The primary outcome will be observer-based rating of depressive symptom severity measured by the Hamilton Rating Scale for Depression HRSD24[36–38]. The HRSD is likely to be the most widely used clinician-rated scale for measuring depression in research. The self-report measure assesses depressed mood, vegetative and cognitive symptoms of depression, and anxiety symptoms. Items are rated on either a 5-point or a 3-point scale, and the total score is derived by summing the individual item scores. Higher scores indicate greater symptom severity. The HRSD is sensitive to change, inter-rater reliability is 0.90 , and the scale corresponds well with overall clinical ratings of severity [39, 40]. The cutoff points of 10, 19, 27 and 35 represent the threshold for mild, moderate, severe and very severe depression, respectively.
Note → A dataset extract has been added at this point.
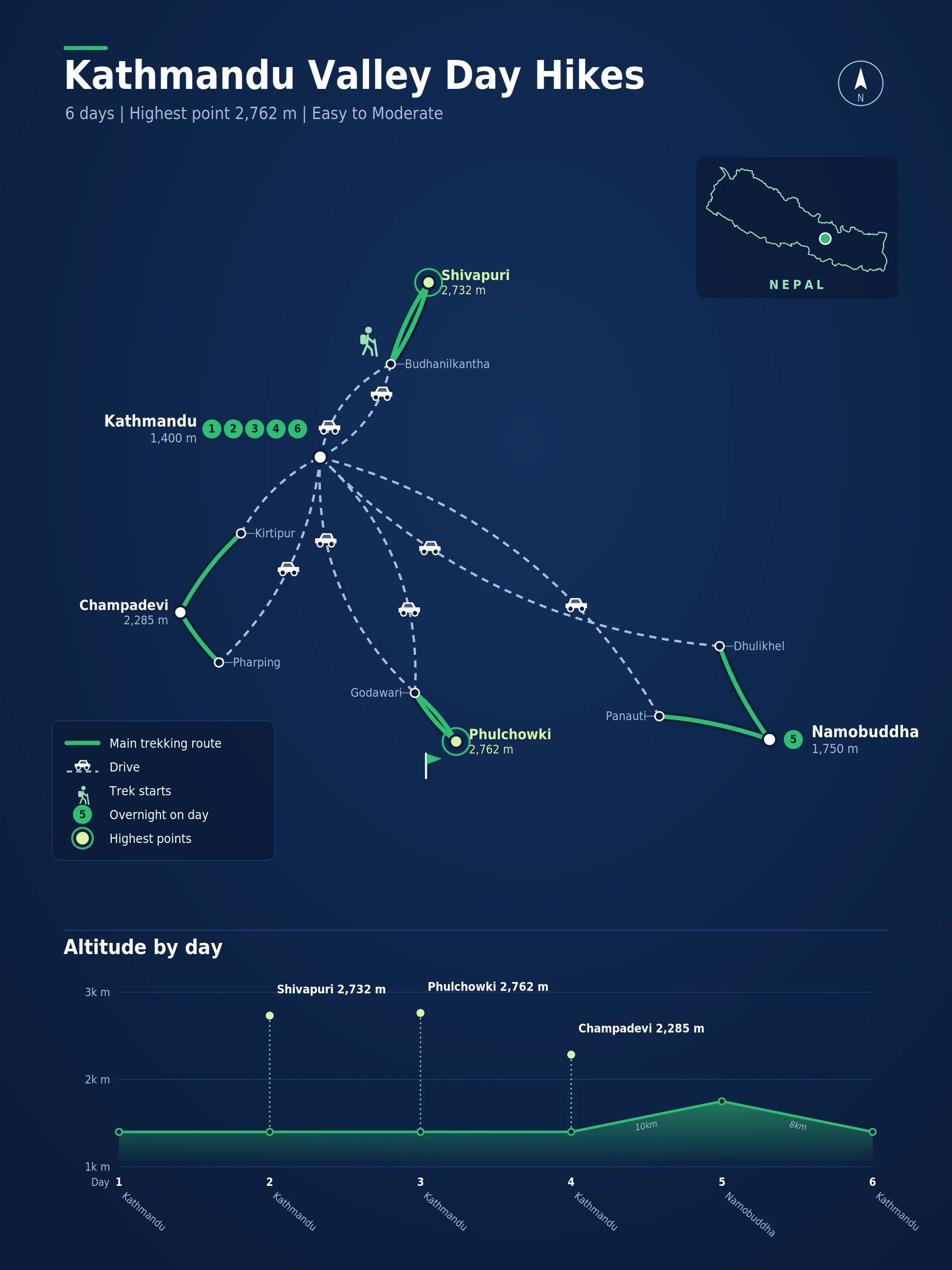 Route map for the Kathmandu Valley Day Hikes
As the secondary outcome, observer-based rating of depression will also be measured using the Quick Inventory of Depressive Symptomatology - Clinician-Rating QIDS-CR16[41, 42]. The 16-item QIDS-CR16 is a brief clinician-report rating scale developed from the 30-item Inventory of Depressive Symptomatology [41–43]. In contrast to the HRSD, it evaluates only the nine depression criterion symptom domains (that is, sad mood, concentration, self-criticism, suicidal ideation, interest/involvement, energy/fatigability, sleep disturbance, appetite/weight change and psychomotor agitation/retardation) from the Diagnostic and Statistical Manual of Mental Disorders  during the prior 7 days. Each item is scored on a scale from 0 to 3 points, with higher scores indicating higher symptom severity. This measure has shown good psychometric properties, such as strong internal consistency (α = 0.85), concurrent validity and sensitivity to symptom change in patients with MDD . The cutoff points of 6, 11, 16 and 21 represent the threshold for mild, moderate, severe and very severe depression, respectively.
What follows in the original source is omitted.